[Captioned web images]
- Opening Delimiter -

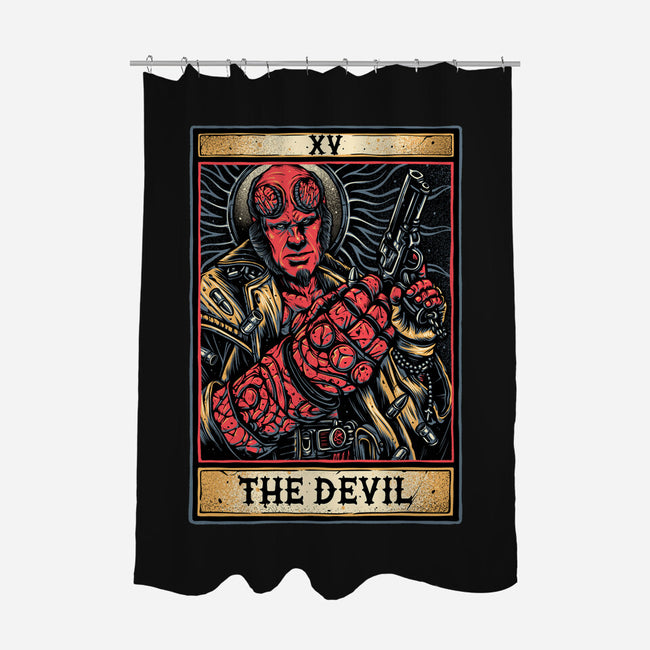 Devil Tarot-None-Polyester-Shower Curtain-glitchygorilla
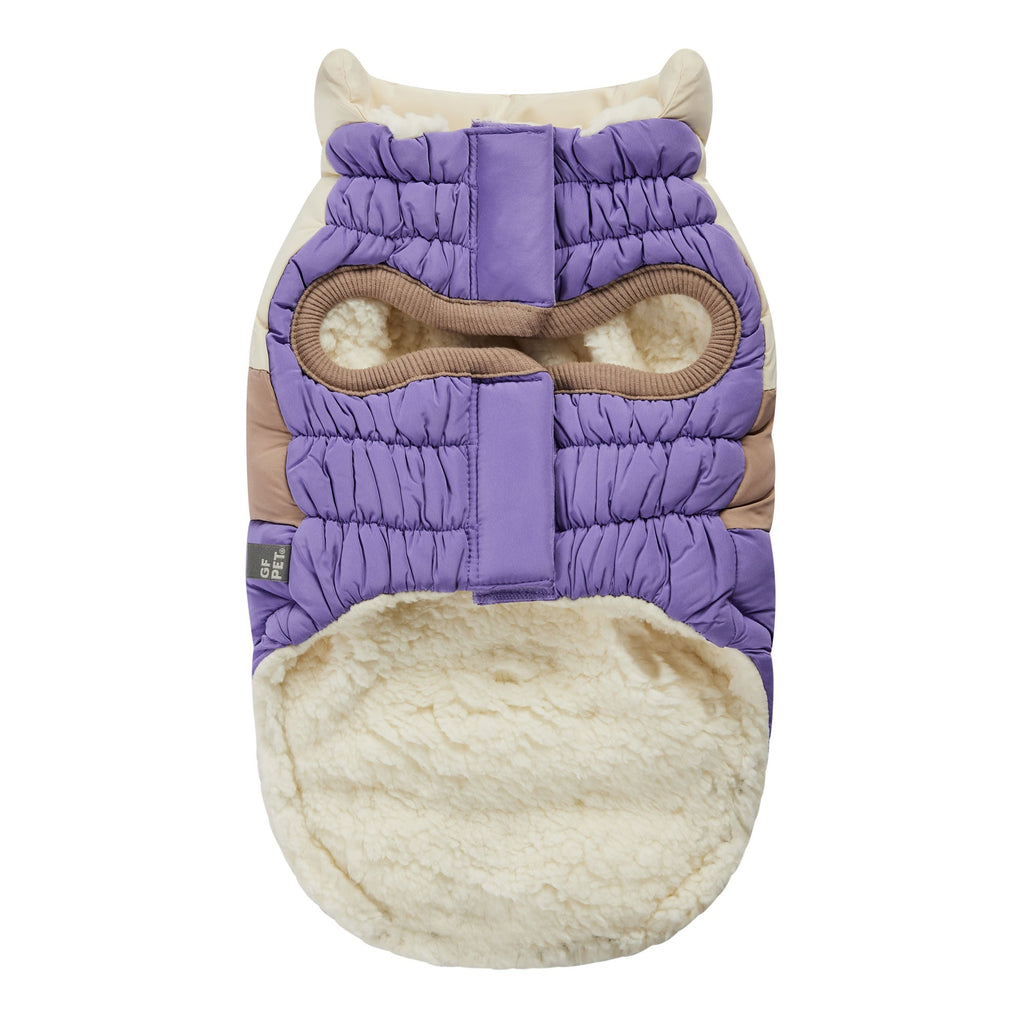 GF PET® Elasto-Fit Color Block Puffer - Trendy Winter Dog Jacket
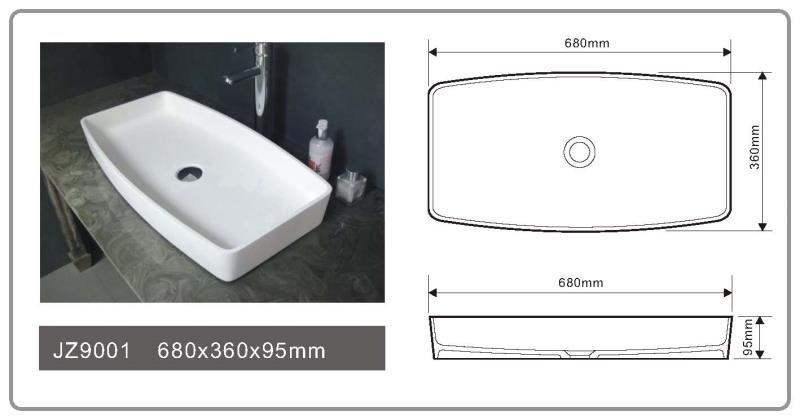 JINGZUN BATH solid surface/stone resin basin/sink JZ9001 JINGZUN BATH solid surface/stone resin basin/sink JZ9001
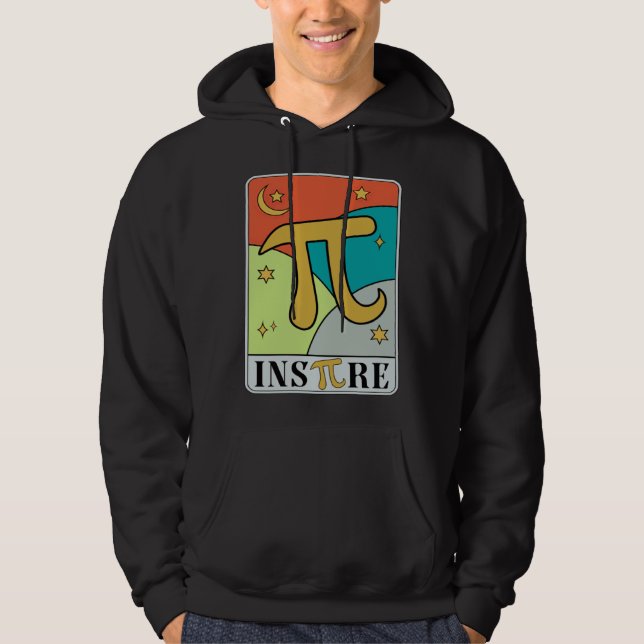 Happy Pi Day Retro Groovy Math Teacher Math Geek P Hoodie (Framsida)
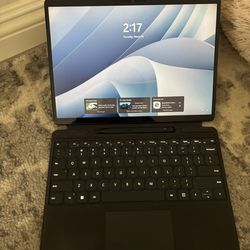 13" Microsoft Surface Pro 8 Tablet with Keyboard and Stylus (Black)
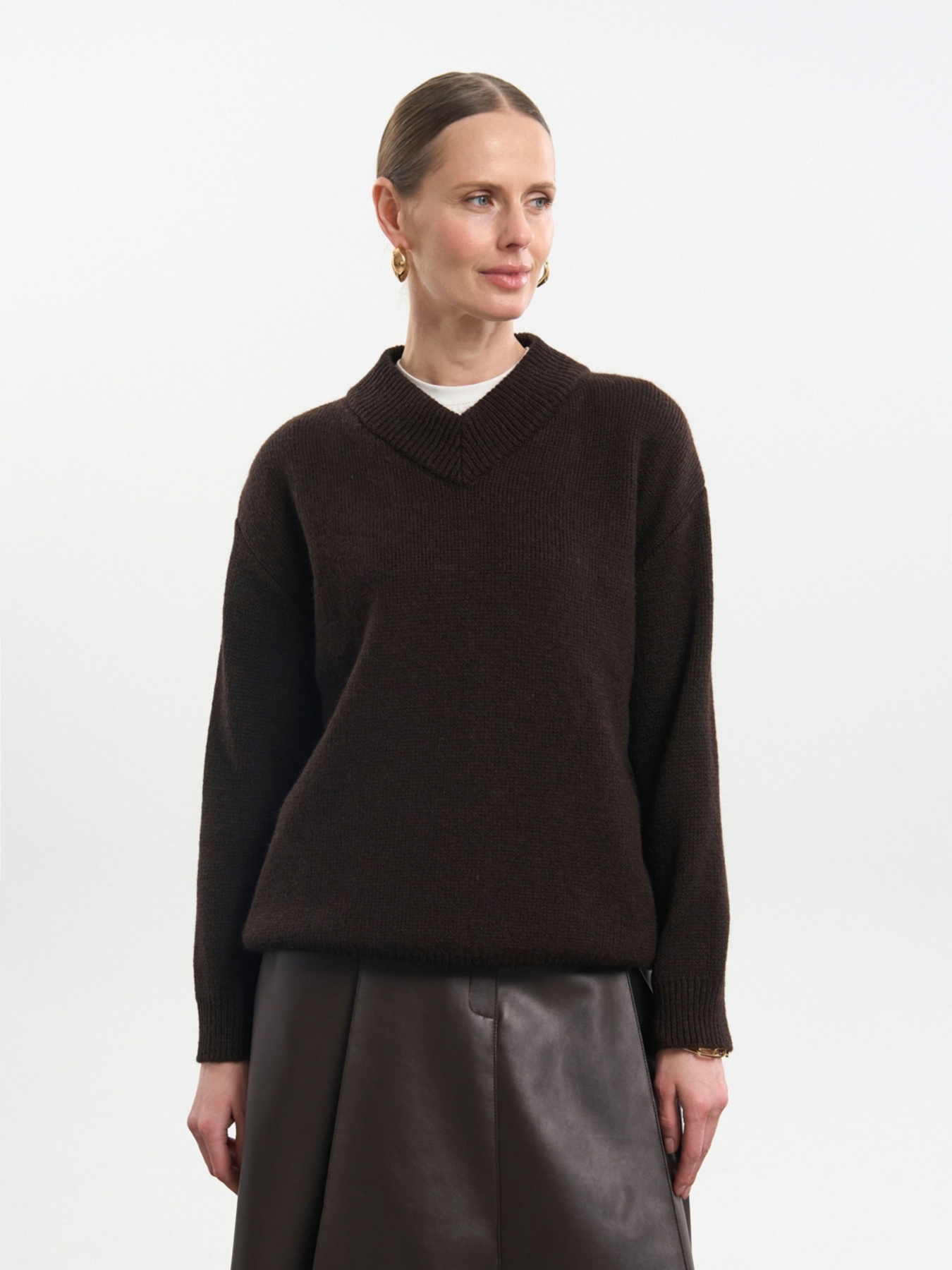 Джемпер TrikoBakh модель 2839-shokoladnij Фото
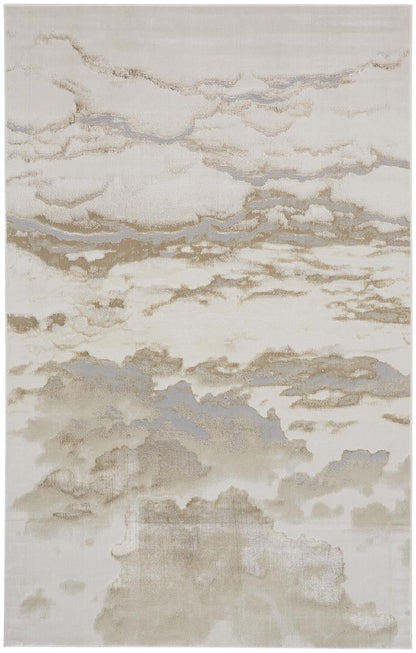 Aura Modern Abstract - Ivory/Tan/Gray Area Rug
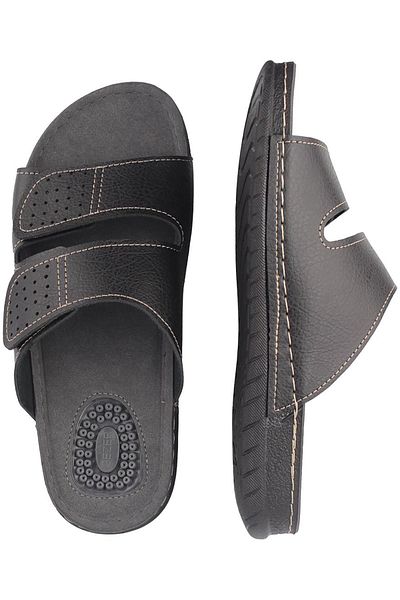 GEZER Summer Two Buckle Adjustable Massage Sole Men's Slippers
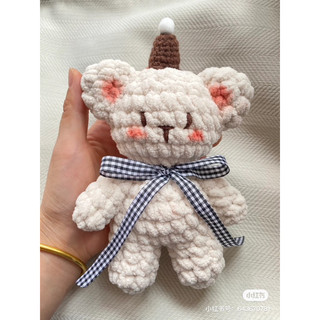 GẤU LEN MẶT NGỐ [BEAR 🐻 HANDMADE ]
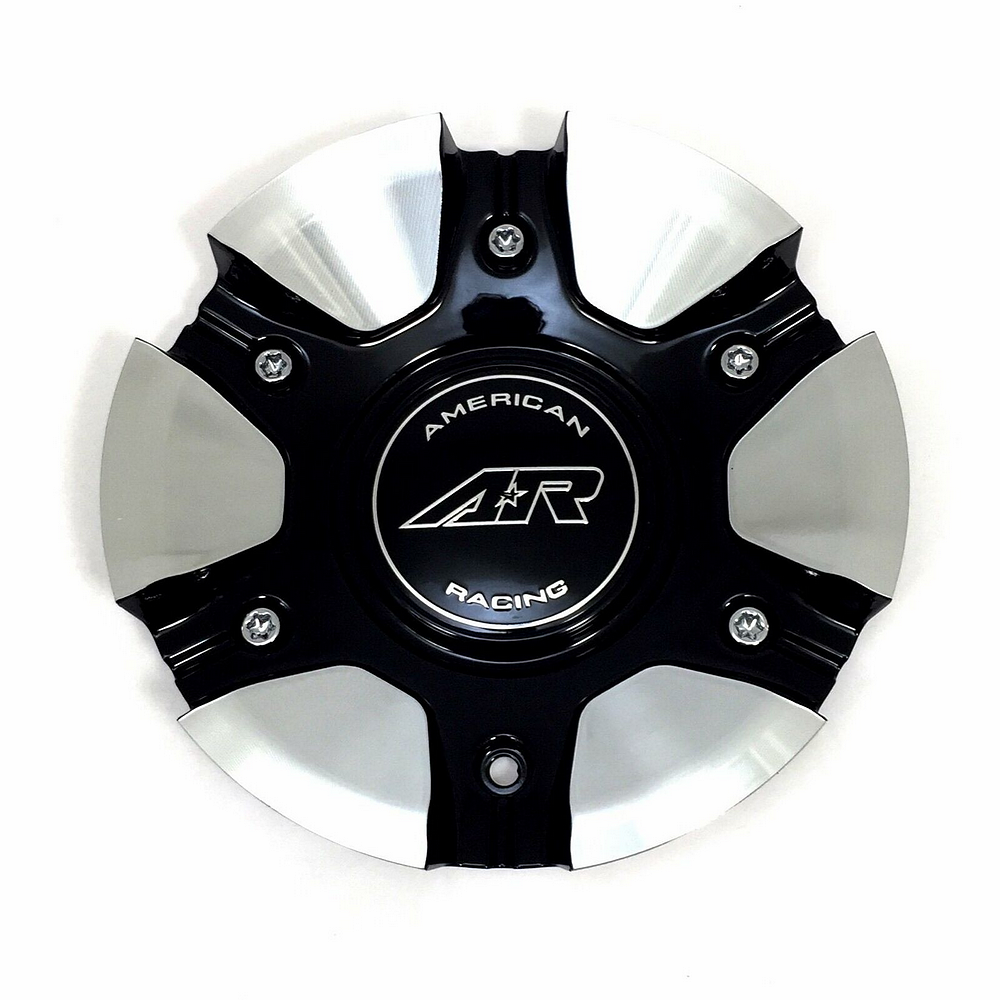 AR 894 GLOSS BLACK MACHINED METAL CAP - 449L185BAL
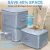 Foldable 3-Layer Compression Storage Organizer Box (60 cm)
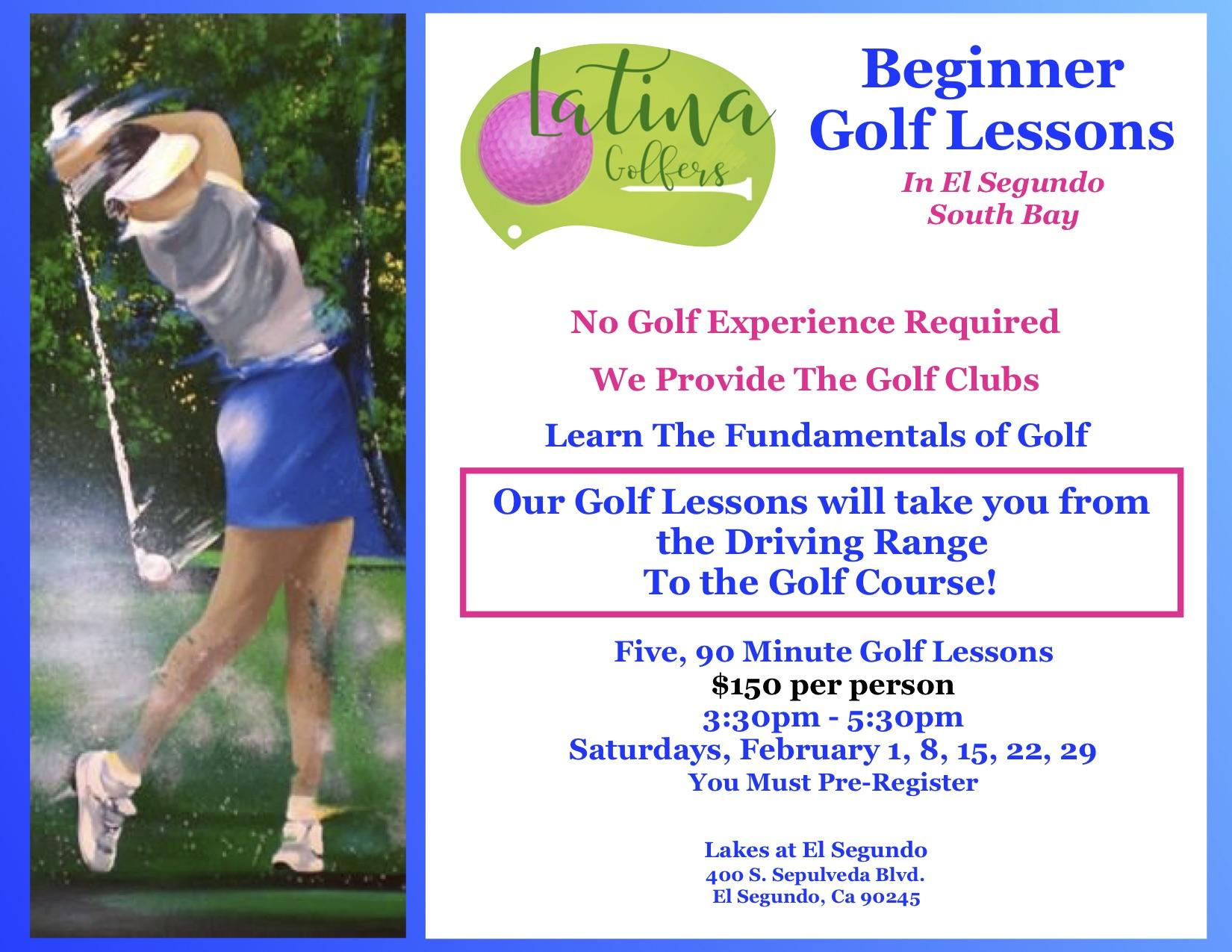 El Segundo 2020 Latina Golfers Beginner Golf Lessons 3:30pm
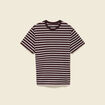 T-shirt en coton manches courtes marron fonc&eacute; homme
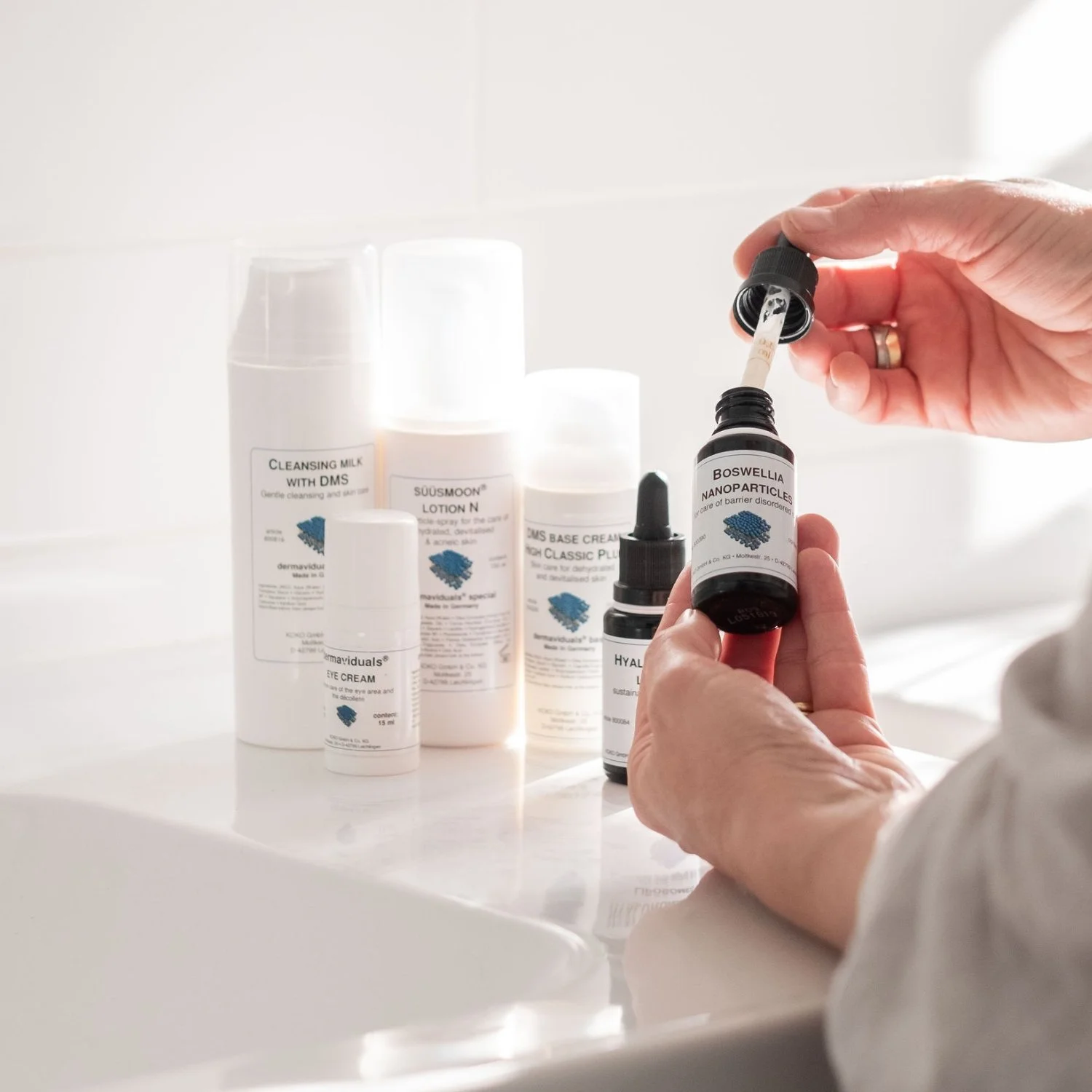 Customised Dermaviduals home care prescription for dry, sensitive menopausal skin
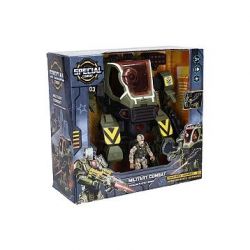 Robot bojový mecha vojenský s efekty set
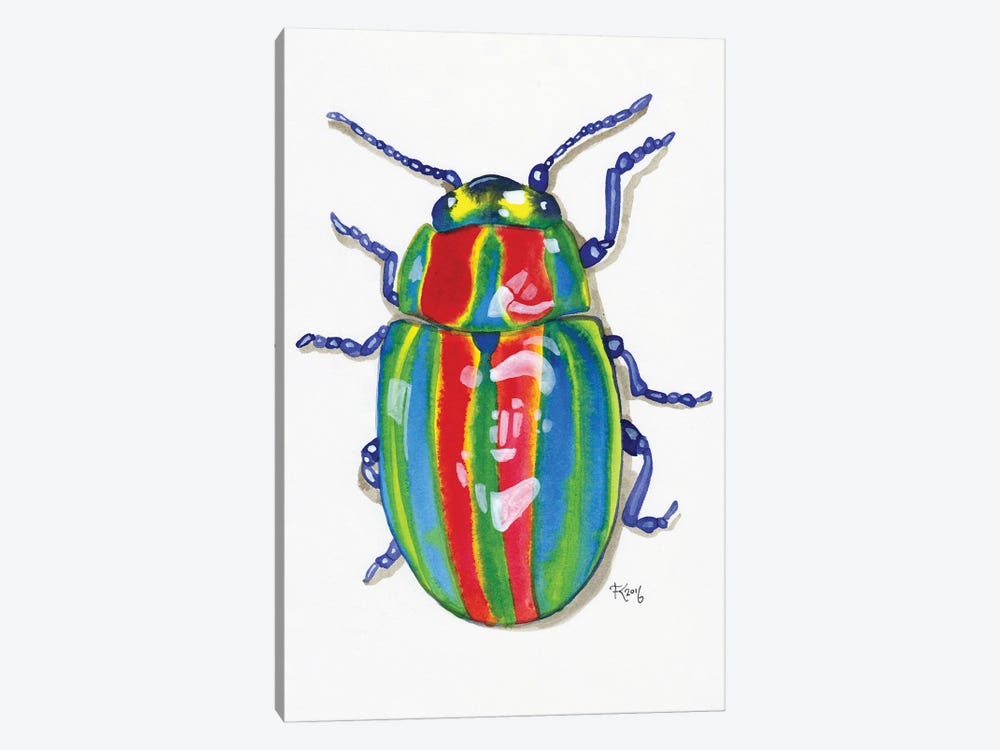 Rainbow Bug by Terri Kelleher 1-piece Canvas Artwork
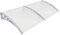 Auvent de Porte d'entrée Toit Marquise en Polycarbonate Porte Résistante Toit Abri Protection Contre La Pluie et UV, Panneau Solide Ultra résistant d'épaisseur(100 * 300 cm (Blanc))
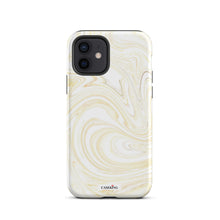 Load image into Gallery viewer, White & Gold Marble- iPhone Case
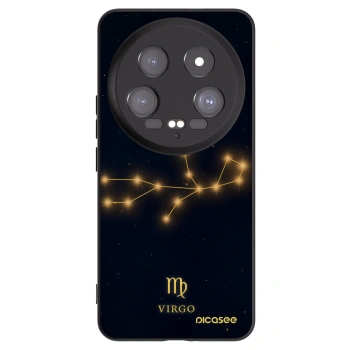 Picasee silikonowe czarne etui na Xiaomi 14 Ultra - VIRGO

- Closing Delimiter -

**YOUR TASK**
Please return the records as they stand, word for word, with no pictures.

**RESULT OF THIS EXERCISE**
 Devil Tarot-None-Polyester-Shower Curtain-glitchygorilla
 GF PET® Elasto-Fit Color Block Puffer - Trendy Winter Dog Jacket
 JINGZUN BATH solid surface/stone resin basin/sink JZ9001 JINGZUN BATH solid surface/stone resin basin/sink JZ9001
 Happy Pi Day Retro Groovy Math Teacher Math Geek P Hoodie (Framsida)
 13" Microsoft Surface Pro 8 Tablet with Keyboard and Stylus (Black)
 Джемпер TrikoBakh модель 2839-shokoladnij Фото
 Aura Modern Abstract - Ivory/Tan/Gray Area Rug
 GEZER Summer Two Buckle Adjustable Massage Sole Men's Slippers
 GẤU LEN MẶT NGỐ [BEAR 🐻 HANDMADE ]
 AR 894 GLOSS BLACK MACHINED METAL CAP - 449L185BAL
 Foldable 3-Layer Compression Storage Organizer Box (60 cm)
 El Segundo 2020 Latina Golfers Beginner Golf Lessons 3:30pm
 T-shirt en coton manches courtes marron fonc&eacute; homme
 Customised Dermaviduals home care prescription for dry, sensitive menopausal skin
 Robot bojový mecha vojenský s efekty set
 Rainbow Bug by Terri Kelleher 1-piece Canvas Artwork
 Auvent de Porte d'entrée Toit Marquise en Polycarbonate Porte Résistante Toit Abri Protection Contre La Pluie et UV, Panneau Solide Ultra résistant d'épaisseur(100 * 300 cm (Blanc))
 Load image into Gallery viewer, White & Gold Marble- iPhone Case
 Picasee silikonowe czarne etui na Xiaomi 14 Ultra - VIRGO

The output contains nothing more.